──────── Listed records
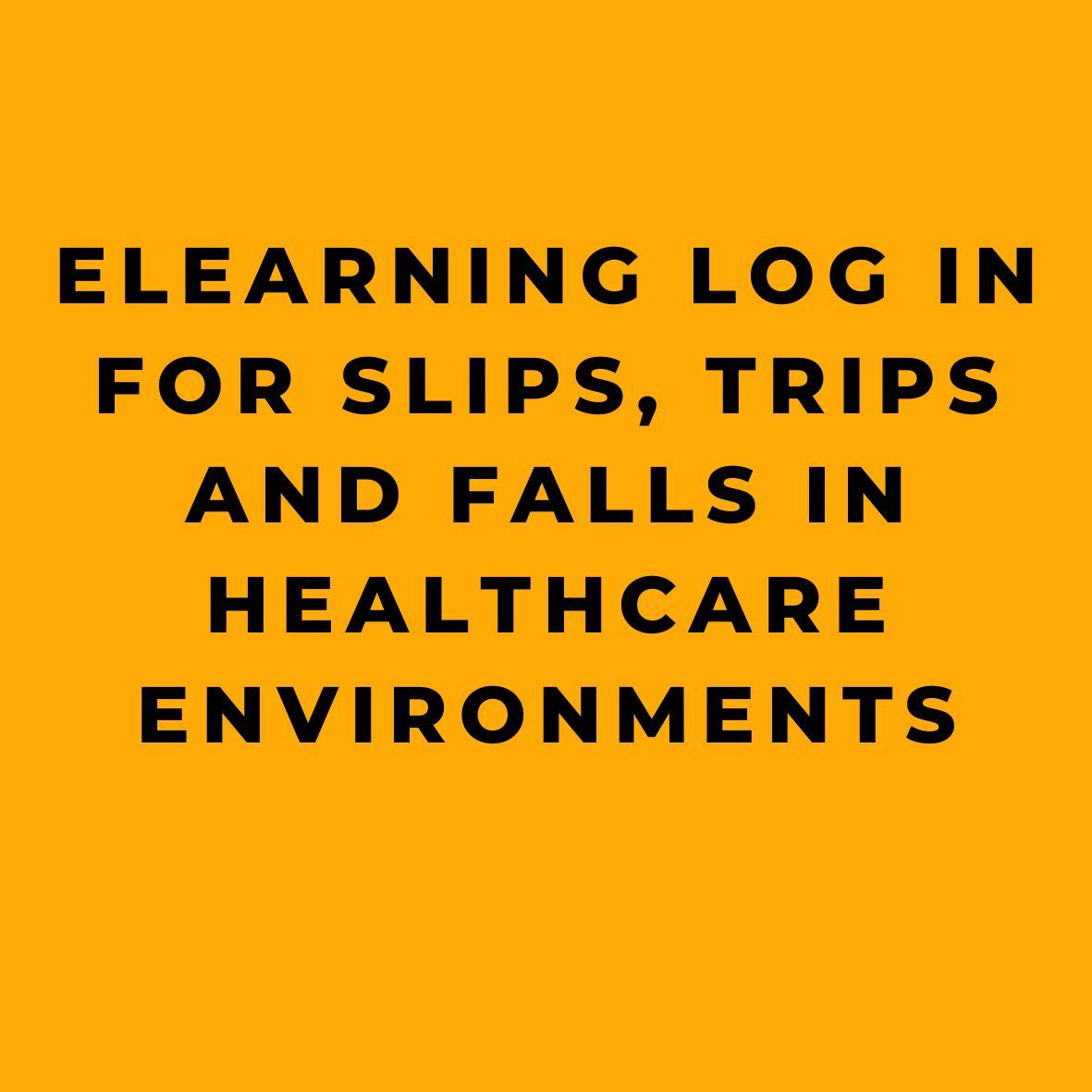 eLearning Log In for Slips Trips and Falls in Healthcare Environments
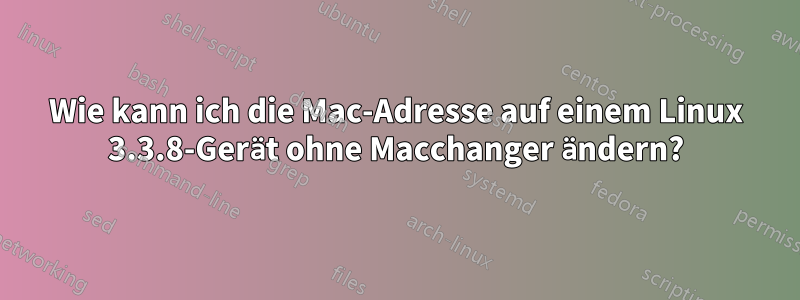 Wie kann ich die Mac-Adresse auf einem Linux 3.3.8-Gerät ohne Macchanger ändern?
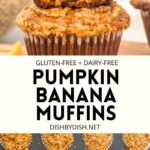 Collage of images of gluten-free dairy-free pumpkin banana muffins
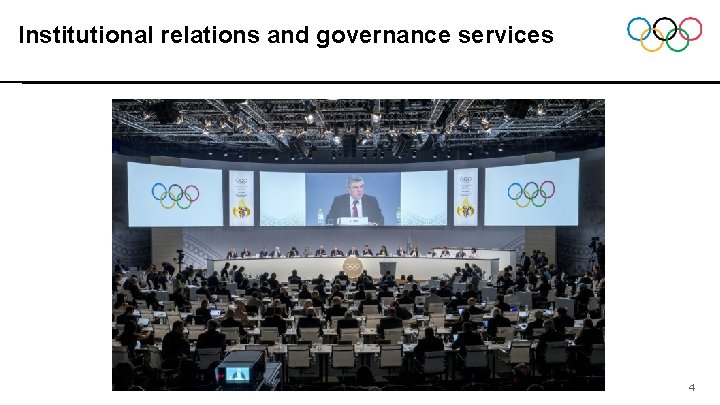 Institutional relations and governance services 4 Institutional relations and governance services 4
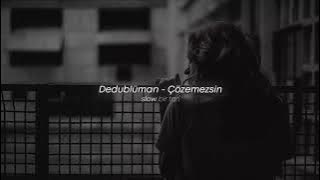Dedublüman - Çözemezsin (Slowed   Reverb)
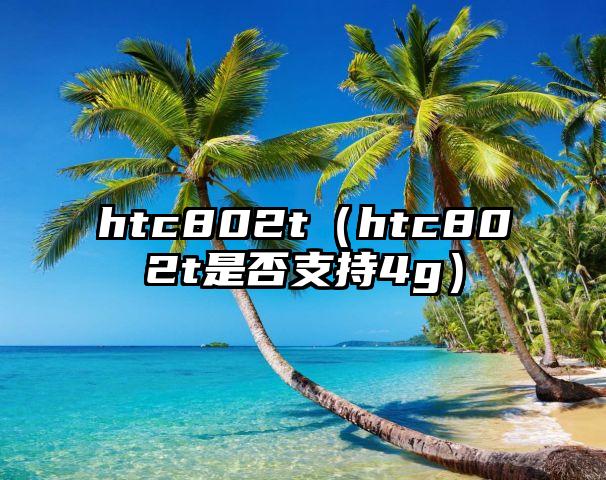 htc802t（htc802t是否支持4g）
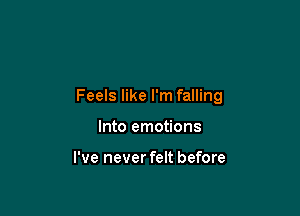 Feels like I'm falling

Into emotions

I've never felt before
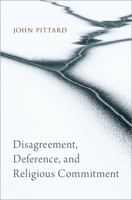Disagreement, Deference, and Religious Commitment 0190051817 Book Cover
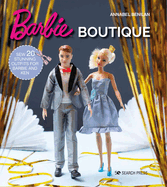 Barbie Boutique: Sew 20 Stunning Outfits for Barbie and Ken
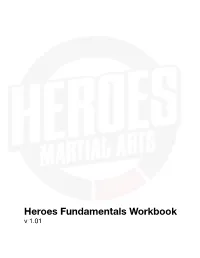 Heroes Fundamentals Workbook V 1.01 Thank You for Downloading the Heroes Fundamentals Workbook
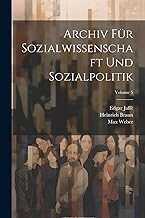 Archiv Für Sozialwissenschaft Und Sozialpolitik; Volume 5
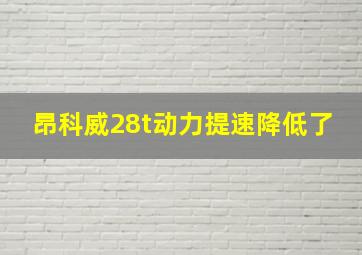 昂科威28t动力提速降低了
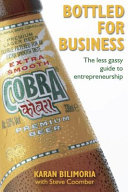 Bottled for business : the less gassy guide to entrepreneurship /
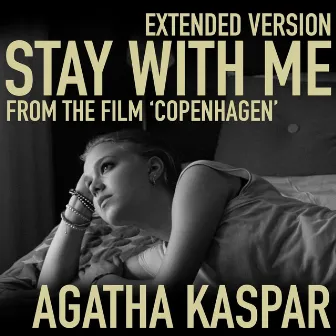 Stay with Me (Extended Version) by Agatha Kaspar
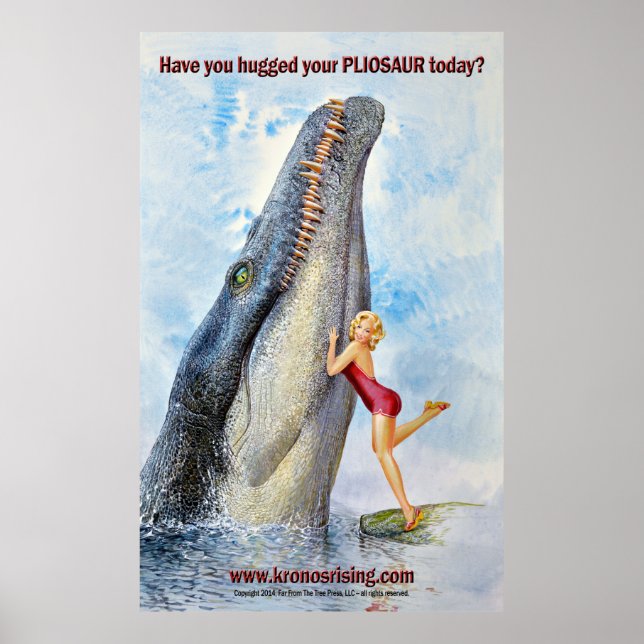 KRONOS STIGNING poster "Hug Your PLIOSAUR" (Framsidan)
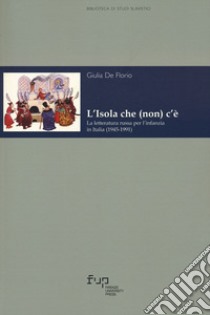 L'isola che (non) c'è. La letteratura russa per l'infanzia in Italia (1945-1991) libro di De Florio Giulia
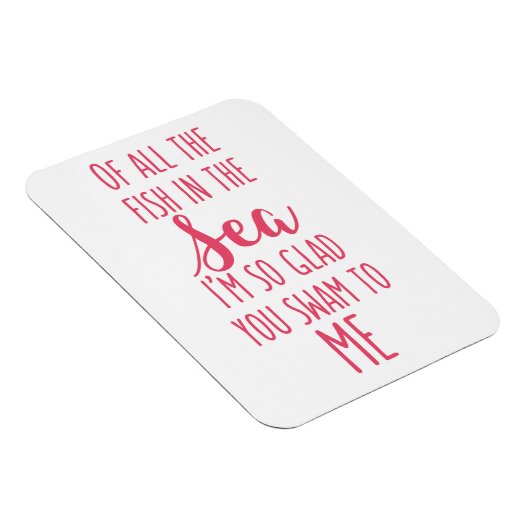 Sie sind zu mir geschwommen - Rosa Romantisches Zi Magnet (Rechte Seite)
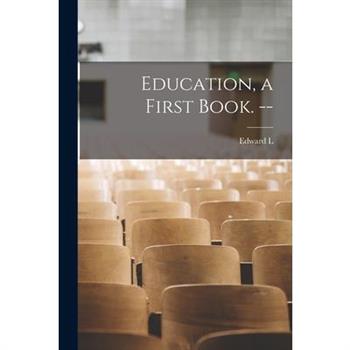 Education, a First Book. --
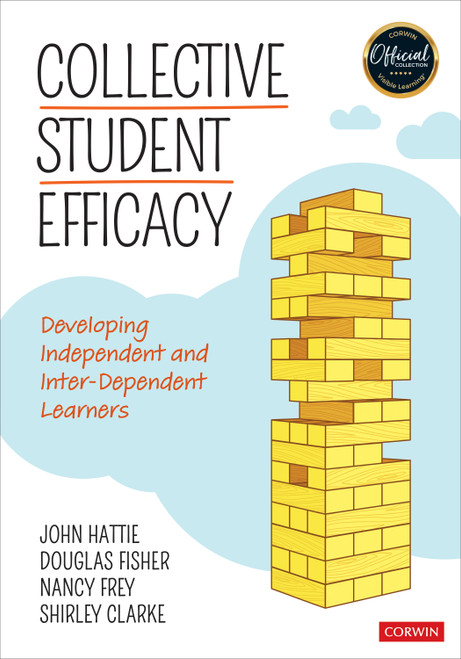 Collective Student Efficacy (Developing Independent and Inter-Dependent Learners) by John Hattie, Douglas Fisher, Nancy Frey, Shirley Clarke, 9781544383446
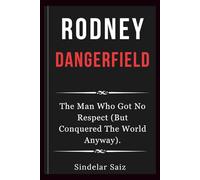 RODNEY DANGERFIELD: The Man Who Got No Respect (But Conquered The World Anyway).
────────────────
Activity ▸
Where a picture appears in the records above, omit it, and transcribe exactly the stretch of lines from the one with "KRONOS STIGNING poster" through the one with "Collective Student Efficacy".

Solved problem ▸
 KRONOS STIGNING poster "Hug Your PLIOSAUR" (Framsidan)
 L'isola che (non) c'è. La letteratura russa per l'infanzia in Italia (1945-1991) libro di De Florio Giulia
 Sie sind zu mir geschwommen - Rosa Romantisches Zi Magnet (Rechte Seite)
 Education, a First Book. --
 Collective Student Efficacy (Developing Independent and Inter-Dependent Learners) by John Hattie, Douglas Fisher, Nancy Frey, Shirley Clarke, 9781544383446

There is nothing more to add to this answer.